Exercise aim: Print all records exactly, pictures left out.

--- Given records Enclosed Below ---

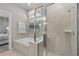 Bright bathroom with a soaking tub and separate glass shower for a spa-like experience at 16147 Coastal Cove Ln, Clermont, FL 34714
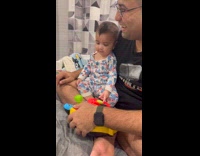 Kid imitates cow noise from his toy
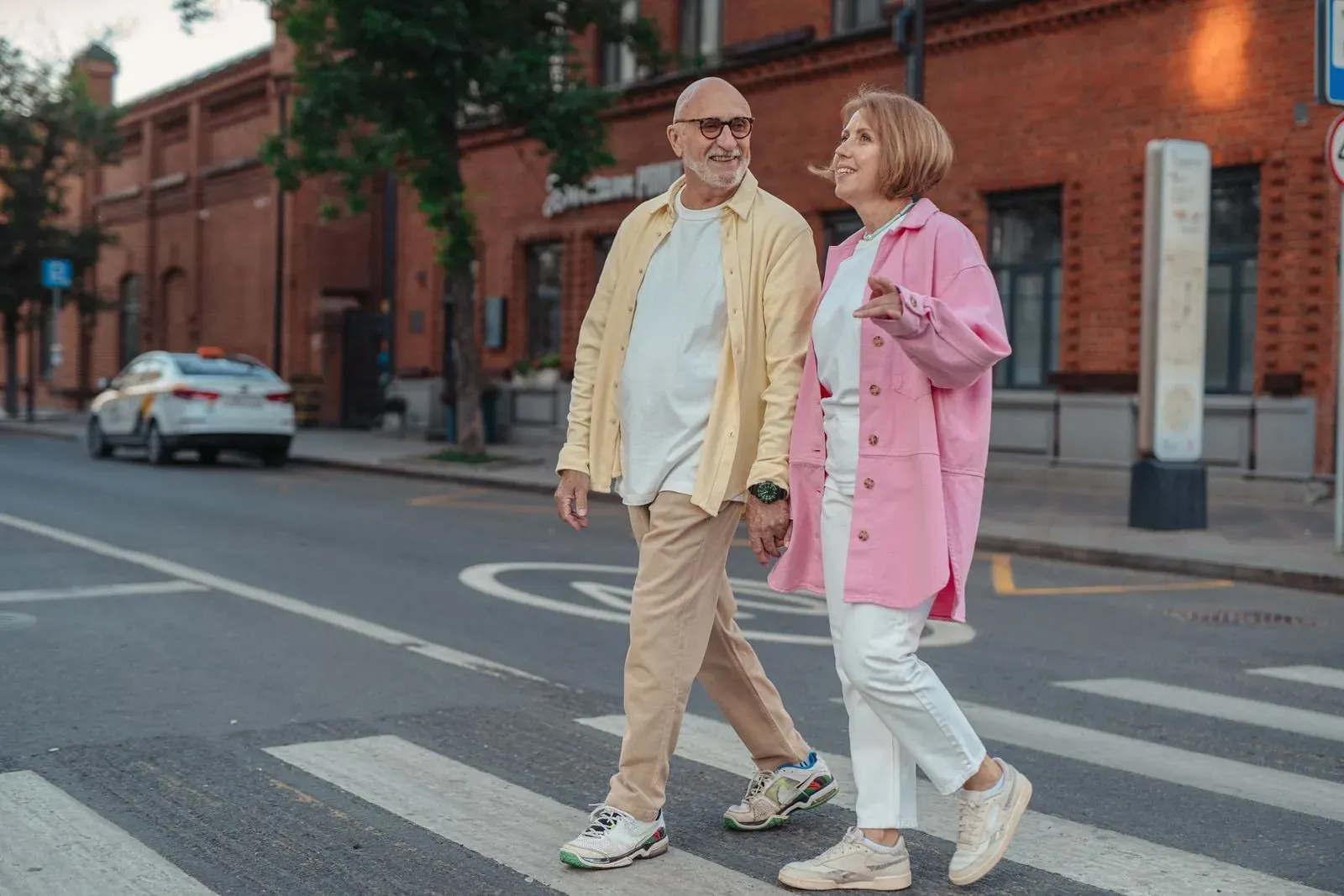 A stylish couple laughing as they cross a street lined with red-brick buildings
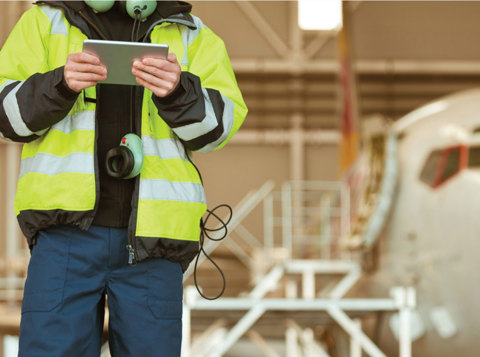 Health and safety employee in high vis jacket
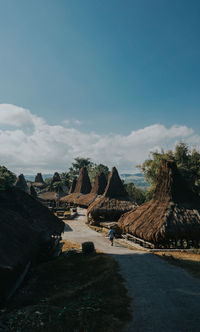 Panoramic shot of road amidst trees against sky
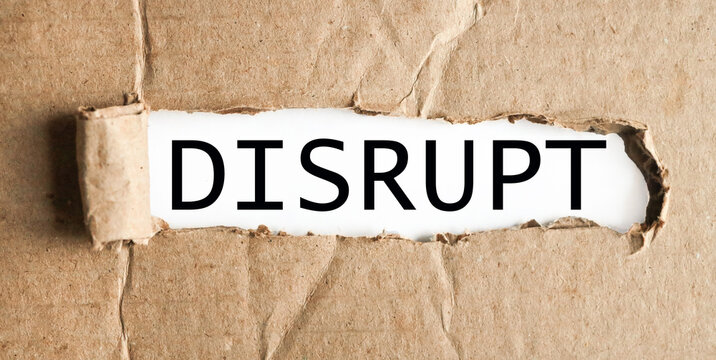 Disrupt. text on white paper over torn paper background.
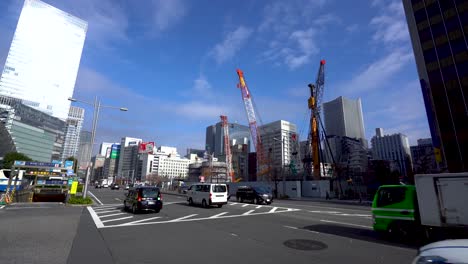 Calle-Muy-Transitada-Con-Coches-Pasando-En-Tokio,-Japón,-Con-Un-Sitio-De-Construcción-Al-Fondo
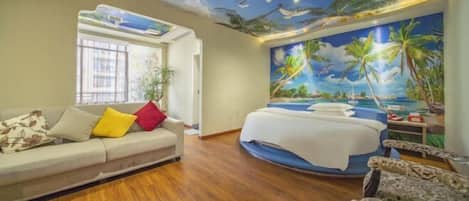 A room with a bed, a sofa, and a ceiling mural depicting a beach scene.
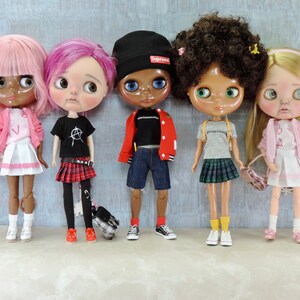May include: Five dolls with different hairstyles and outfits. The dolls are wearing a pink sweater and skirt, a black t-shirt and plaid skirt, a red jacket and blue jeans, a grey t-shirt and plaid skirt, and a pink sweater and skirt. The dolls are all holding small bags.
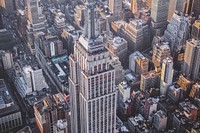 A helicopter view of the Empire State building.. Original public domain image from <a href="https://commons.wikimedia.org/wiki/File:Empire_Views_(Unsplash).jpg" target="_blank" rel="noopener noreferrer nofollow">Wikimedia Commons</a>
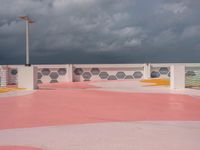 an empty parking lot next to the ocean, with a red floor and pink and yellow painted floors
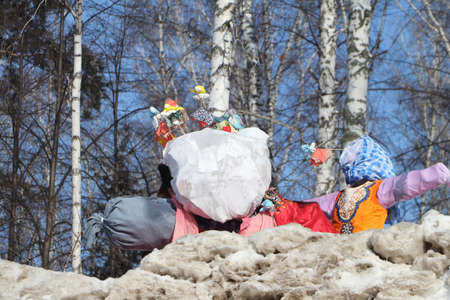 Scarecrow standing on snow among trees in the winterの写真素材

--- End of Enclosed Given records ---

Result for this exercise:
 Bright bathroom with a soaking tub and separate glass shower for a spa-like experience at 16147 Coastal Cove Ln, Clermont, FL 34714
 Kid imitates cow noise from his toy
 A stylish couple laughing as they cross a street lined with red-brick buildings
 Health and safety employee in high vis jacket
 Panoramic shot of road amidst trees against sky
 Disrupt. text on white paper over torn paper background.
 Calle-Muy-Transitada-Con-Coches-Pasando-En-Tokio,-Japón,-Con-Un-Sitio-De-Construcción-Al-Fondo
 A room with a bed, a sofa, and a ceiling mural depicting a beach scene.
May include: Five dolls with different hairstyles and outfits. The dolls are wearing a pink sweater and skirt, a black t-shirt and plaid skirt, a red jacket and blue jeans, a grey t-shirt and plaid skirt, and a pink sweater and skirt. The dolls are all holding small bags.
 A helicopter view of the Empire State building.. Original public domain image from <a href="https://commons.wikimedia.org/wiki/File:Empire_Views_(Unsplash).jpg" target="_blank" rel="noopener noreferrer nofollow">Wikimedia Commons</a>
 an empty parking lot next to the ocean, with a red floor and pink and yellow painted floors
 Scarecrow standing on snow among trees in the winterの写真素材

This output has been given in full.